> **EXERCISE DESCRIPTION**: Nothing but the text of the records belongs in your answer: repeat all of it exactly and leave out the images.

━━━━━━━━━━

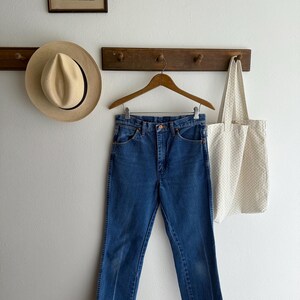 May include: Blue denim jeans hanging on a wooden hanger. A straw hat and a canvas tote bag with a dotted pattern are also visible. A framed picture hangs above the hat.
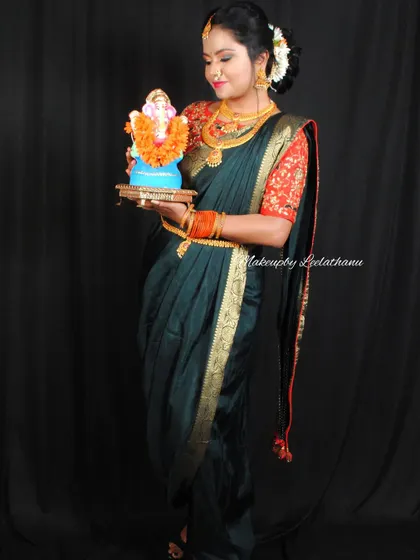 A festive Marathi look for Ganesh Chaturthi. The model is holding a Ganesha idol, and her makeup and attire reflect the celebratory spirit of the festival.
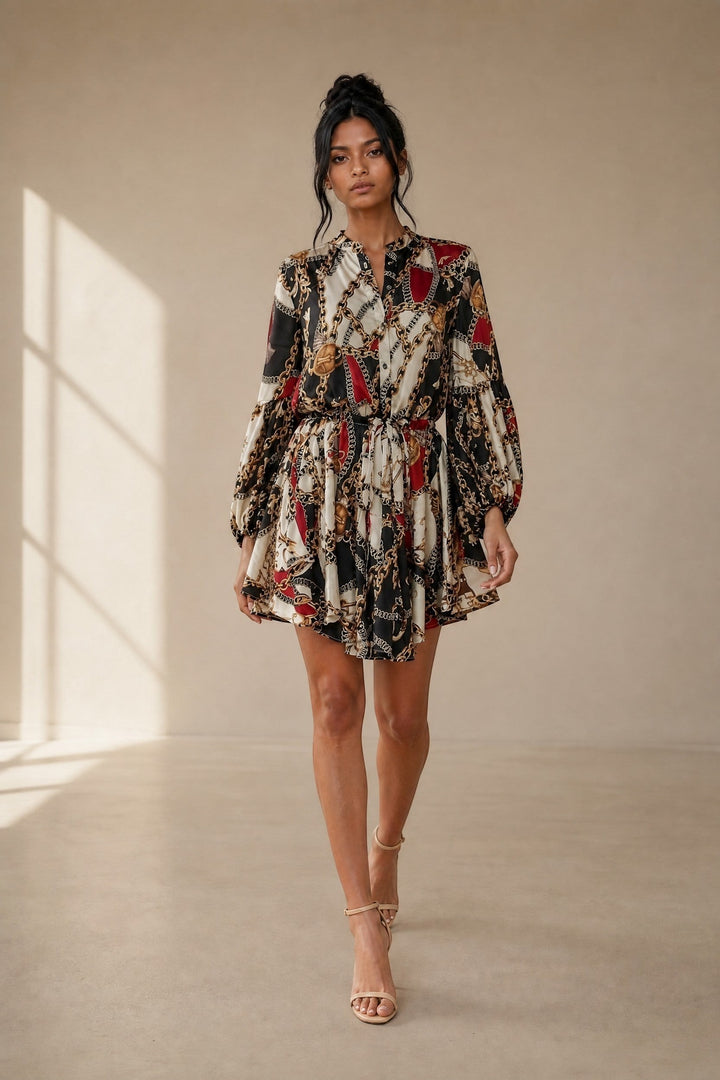 CAL JUNE Aria mini dress with chain and baroque print, V-neck, button-front, drawstring waist, balloon sleeves, and flared skirt.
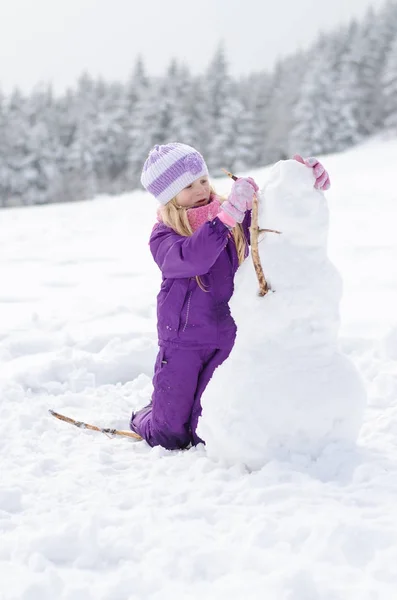 Lilla barnet bygga en snögubbe — Stockfoto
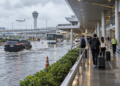 Ilustrasi penumpang menuju terminal bandara saat jalan tergenang banjir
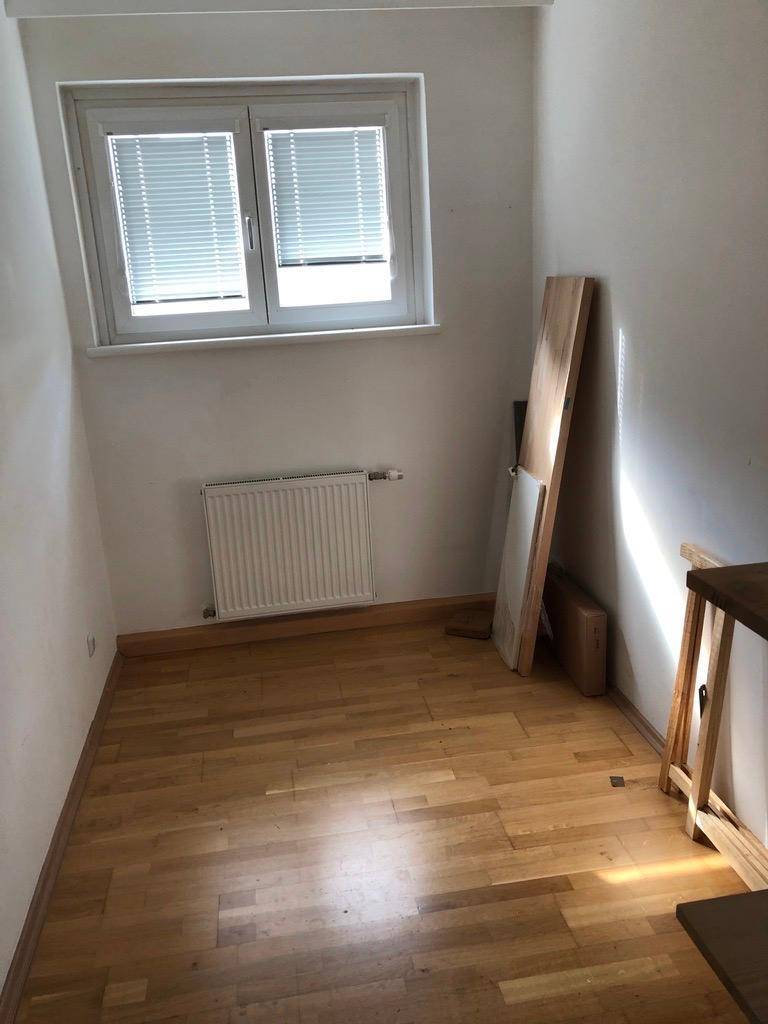 Kleines helles Zimmer mit Holzfußboden und Fenster, gut geeignet als Büro oder Gästezimmer.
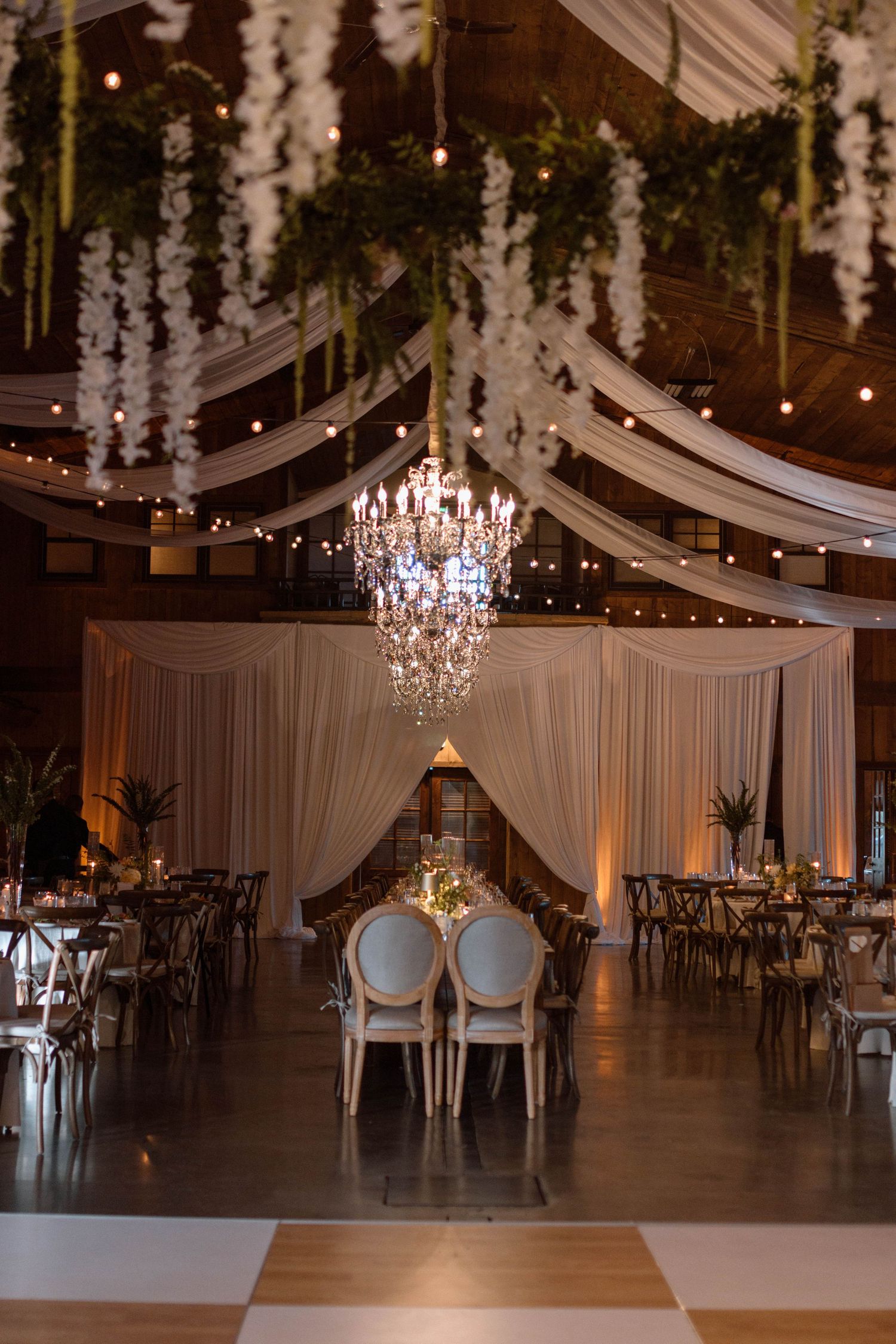 Elegant wedding reception hall with crystal chandelier, draped fabric ceiling, string lights, and floral greenery above dining tables.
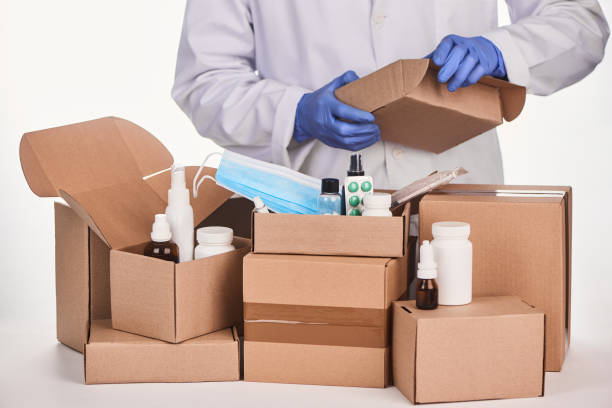 istock Pharmacist packing ordered medications and supplies into cardboard boxes 1296751200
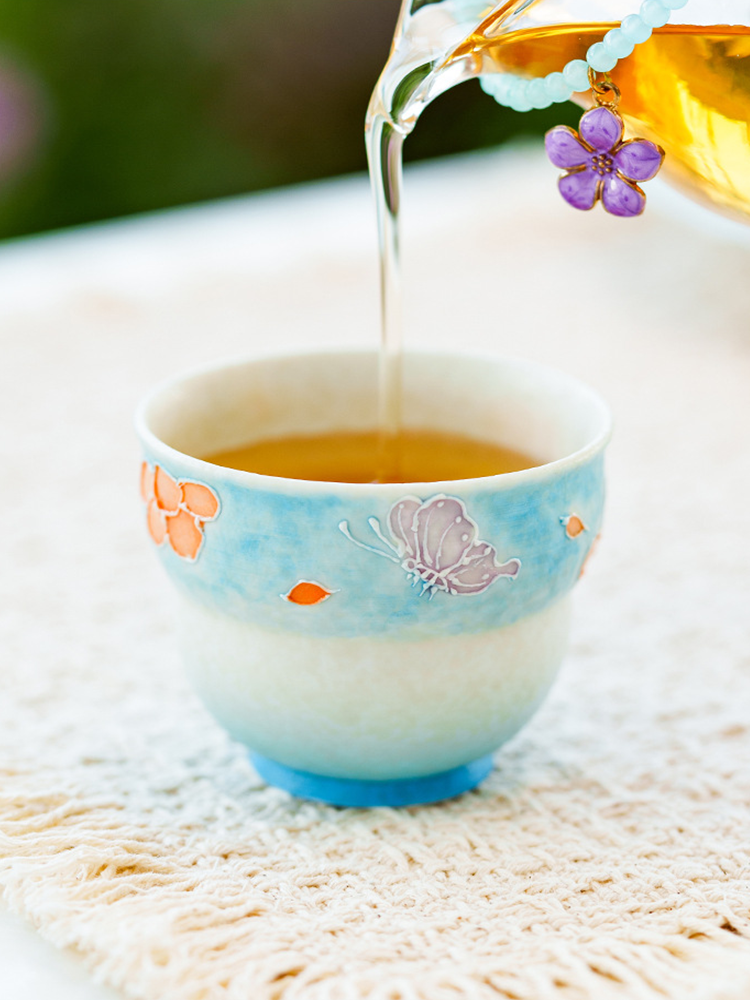 Ceramic blessing tea cup with smooth interior glaze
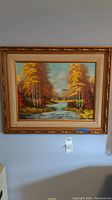 Full image of the framed oil painting depicting autumn landscape with river and trees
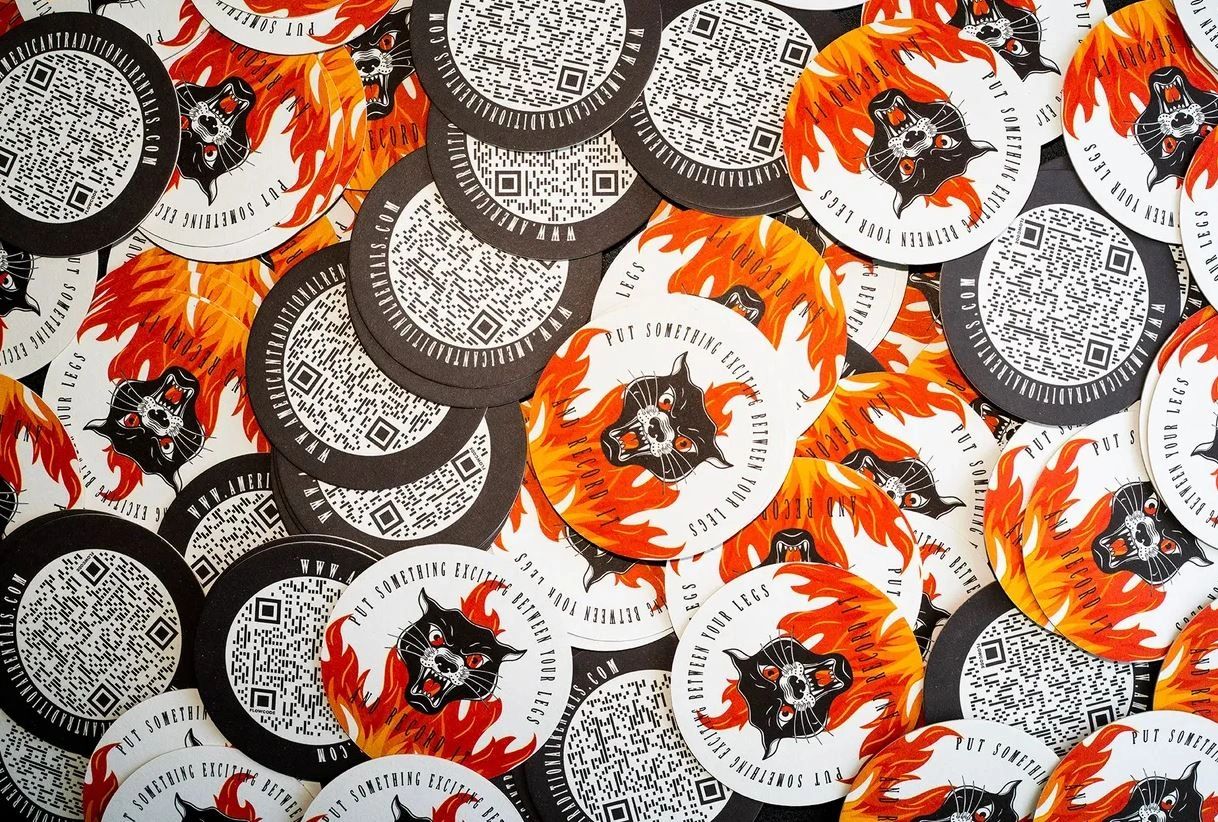 Colorful circular stickers featuring a fierce black panther surrounded by flames, QR codes, and the phrase "PUT SOMETHING EXCITING BETWEEN YOUR LEGS," representing innovative guerilla marketing strategies.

━━━━━━━━━━

> **SOLUTION TO THIS TASK**:
 May include: Blue denim jeans hanging on a wooden hanger. A straw hat and a canvas tote bag with a dotted pattern are also visible. A framed picture hangs above the hat.
 A festive Marathi look for Ganesh Chaturthi. The model is holding a Ganesha idol, and her makeup and attire reflect the celebratory spirit of the festival.
 CAL JUNE Aria mini dress with chain and baroque print, V-neck, button-front, drawstring waist, balloon sleeves, and flared skirt.
 Lilla barnet bygga en snögubbe — Stockfoto
 Ilustrasi penumpang menuju terminal bandara saat jalan tergenang banjir
 Kleines helles Zimmer mit Holzfußboden und Fenster, gut geeignet als Büro oder Gästezimmer.
 Elegant wedding reception hall with crystal chandelier, draped fabric ceiling, string lights, and floral greenery above dining tables.
 istock Pharmacist packing ordered medications and supplies into cardboard boxes 1296751200
 Ceramic blessing tea cup with smooth interior glaze
 Full image of the framed oil painting depicting autumn landscape with river and trees
 Colorful circular stickers featuring a fierce black panther surrounded by flames, QR codes, and the phrase "PUT SOMETHING EXCITING BETWEEN YOUR LEGS," representing innovative guerilla marketing strategies.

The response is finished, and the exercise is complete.